A review by ana_rjord
A Conjuring of Light by V.E. Schwab

5.0

This is going to be loooong and filled with spoilers at the end so watch out!!


First of all, wow. Just. Wow. I wish I could give this much more than five stars. I wish I could forget everything just to read it again for the first time. I am not ready to let this go. V. E. Schwab, you are the true mage here. This trilogy hooked me like very (and I mean very) few others did. The writing, the pacing, the amazing worldbuilding, the aesthetics, the characters... just flawless. I honestly don't remember reading a series of books this fast. I could talk about how much I absolutely LOVED everything in detail, but I will focus in what made me crazy about these books and how they earned a special place in my heart by becoming one of my all-time favourite series.
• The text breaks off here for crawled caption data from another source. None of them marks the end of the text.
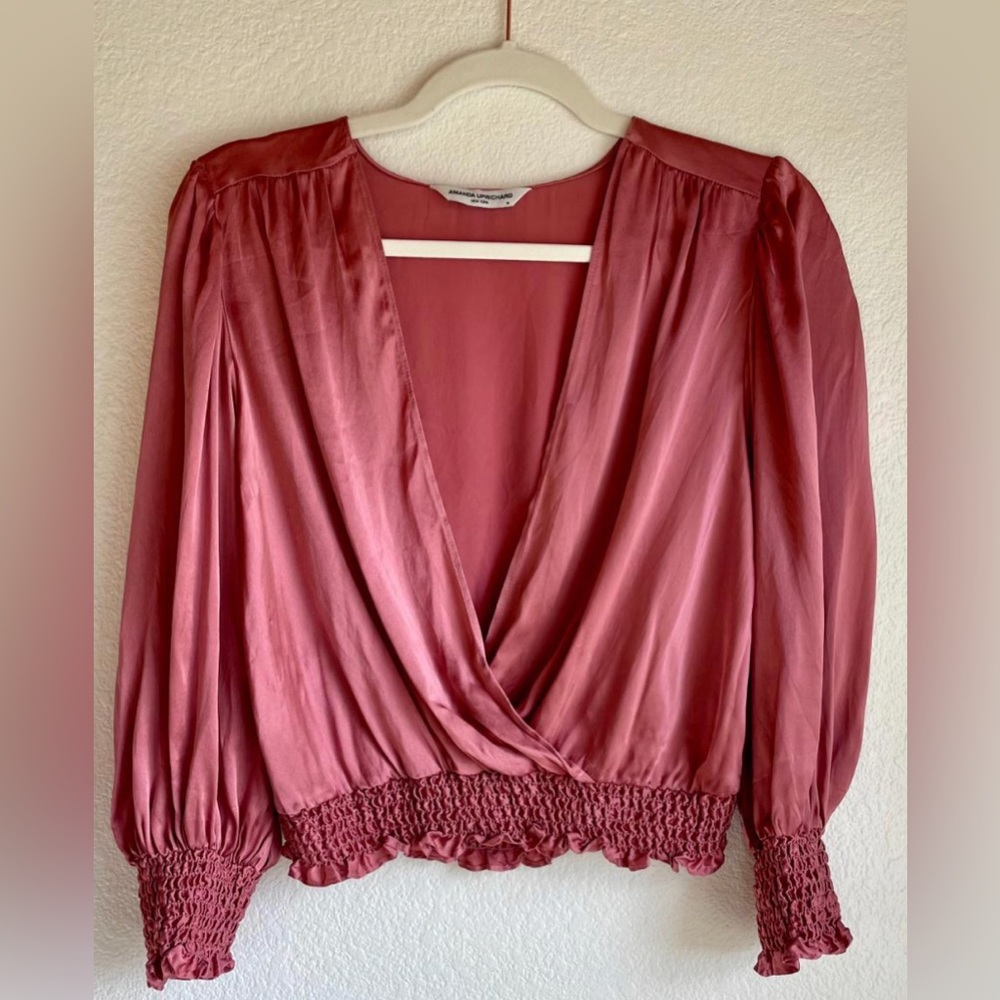 Amanda Uprichard Silk Cropped V-Neck Blouse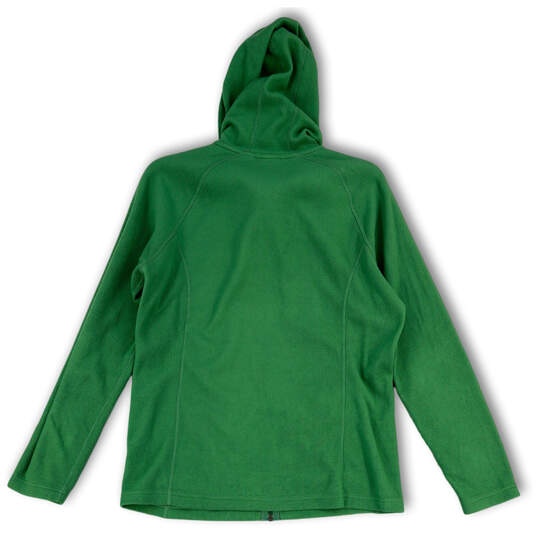 Womens Green Ruched Long Sleeve Drawstring Pockets Full-Zip Hoodie Size L image number 2
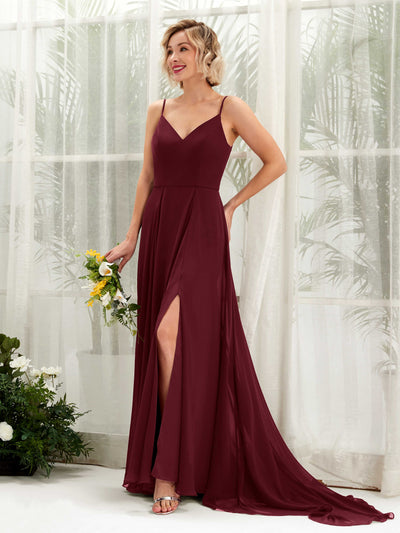 Carlyna Robe trapèze col V longueur ras du sol mousseline demoiselle d'honneur Bordeaux #couleur_bordeaux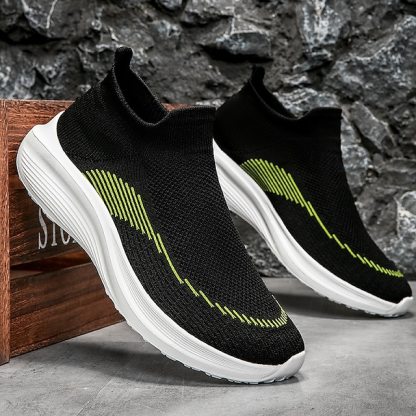 ⏰Promotion - 70% OFF🔥Men's Lightweight Slip-On Sneakers | Breathable Flyknit Upper with Comfortable Sole for Casual and Sport Activities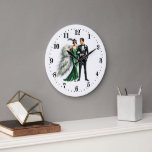 Elegant Art Deco couple Large Clock<br><div class="desc">Elegant Art Deco couple Large Clock</div>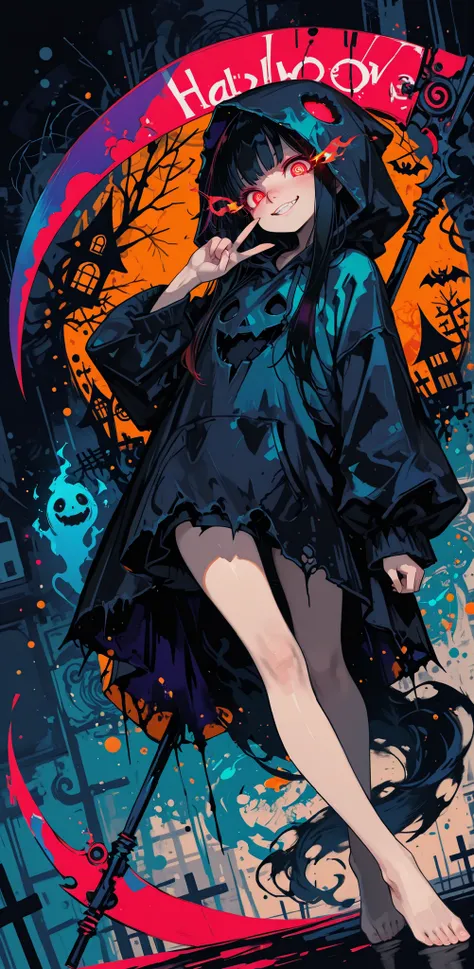 (Abstract), masterpieces, top quality, girl 1, beautiful, Very Long Black Hair, crimson eyes, Flaming eyes, Big eyes, cute nose, Brutal Smile, Teeth, black ghost cosplay, hood, giant scythe , (V finger), long legs, Barefoot, Dynamic Poses, Dynamic Angle, (...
First of all, I love the idea of multiple Londons with magic. I love the colour schemes, the aesthetic. I love how different all the Londons look and how I could visualize them so clearly in my head. 


Also, I love how magic works. I love the concept of the Antaris, travellers betwen worlds, carrying the messages of Kings and using powerful magic with blood.


And, from the very first line, I loved Kell and his amazing coat, his needs to belong and his mysterious past. And then I loved Rhy, and then Alucard too.


But there is one character of whom I could talk endlessly. That I can afirm, with a lot of conviction, had become one of my all time favourite characters from his very first scenes: Holland Vosijk.


THERE ARE MAJOR SPOILERS FROM NOW ON!!! DON'T KEEP READING IF YOU HAVEN'T FINISHED ACoL!!! YOU HAVE BEEN WARNED!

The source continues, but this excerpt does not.